WORK INSTRUCTIONS: Nothing but the lines below from the one with "Native Home Lifestyle" through the one with "Automatic pet fountain" should be output, each exactly as given, and no pictures.

____ ENTRIES SUPPLIED

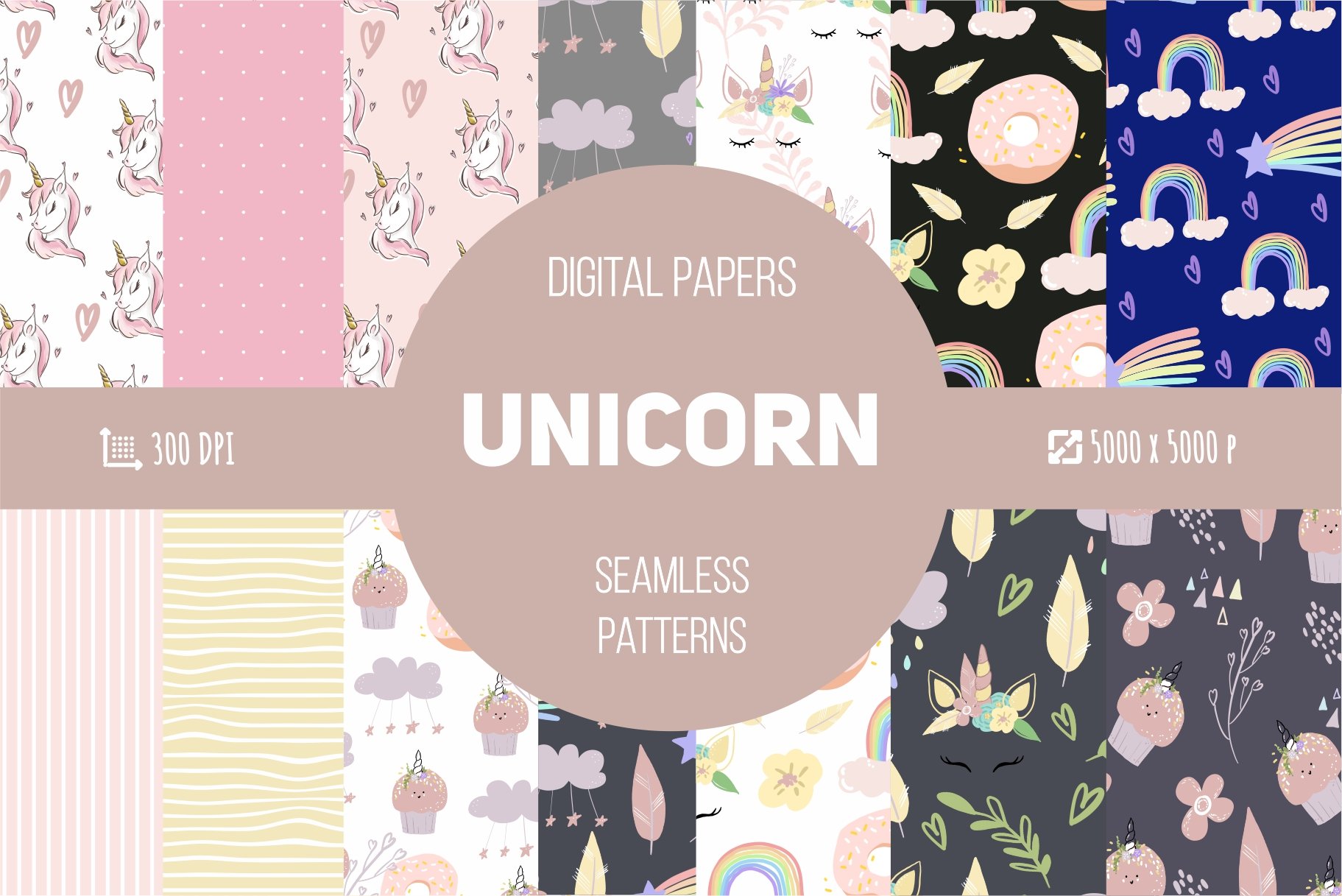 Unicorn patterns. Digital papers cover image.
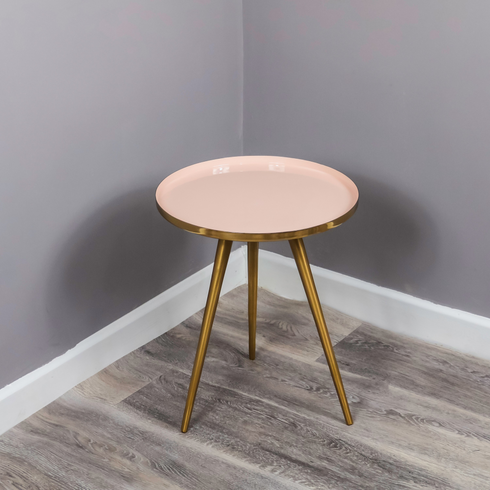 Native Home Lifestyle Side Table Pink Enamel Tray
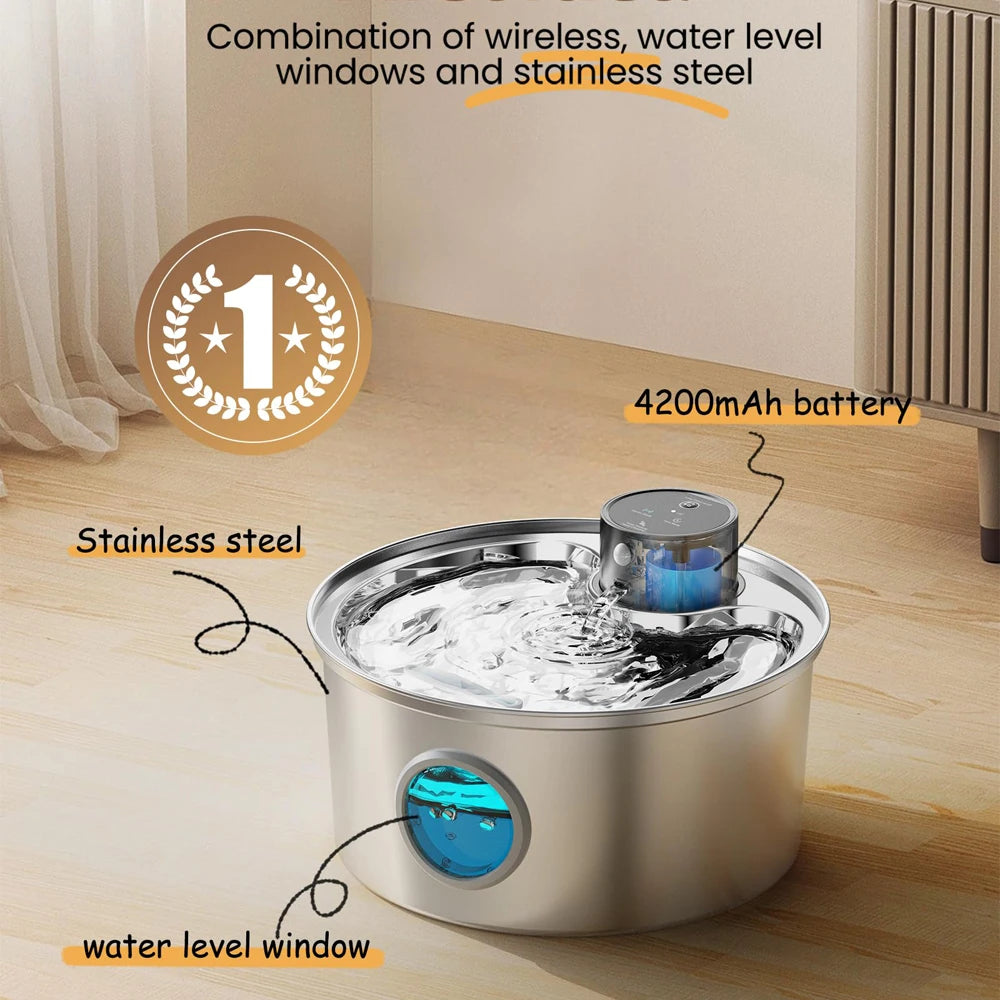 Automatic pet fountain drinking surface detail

________
____ ENTRIES SUPPLIED

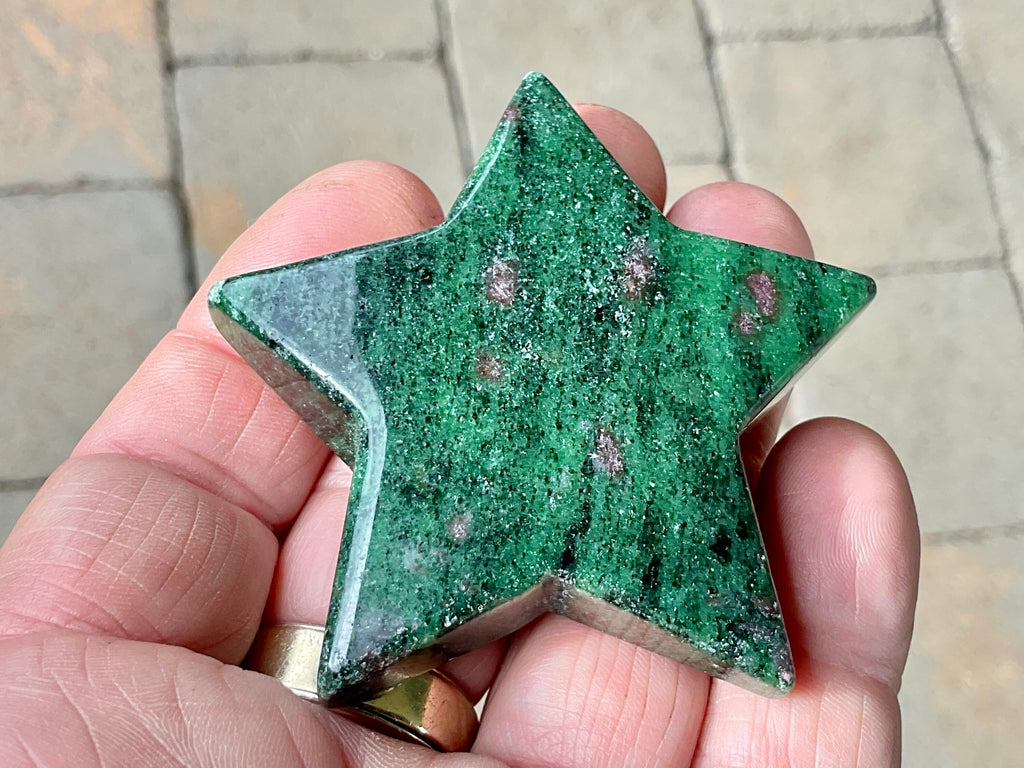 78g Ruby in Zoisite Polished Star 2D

________

RESPONSE:
 Native Home Lifestyle Side Table Pink Enamel Tray
 Automatic pet fountain drinking surface detail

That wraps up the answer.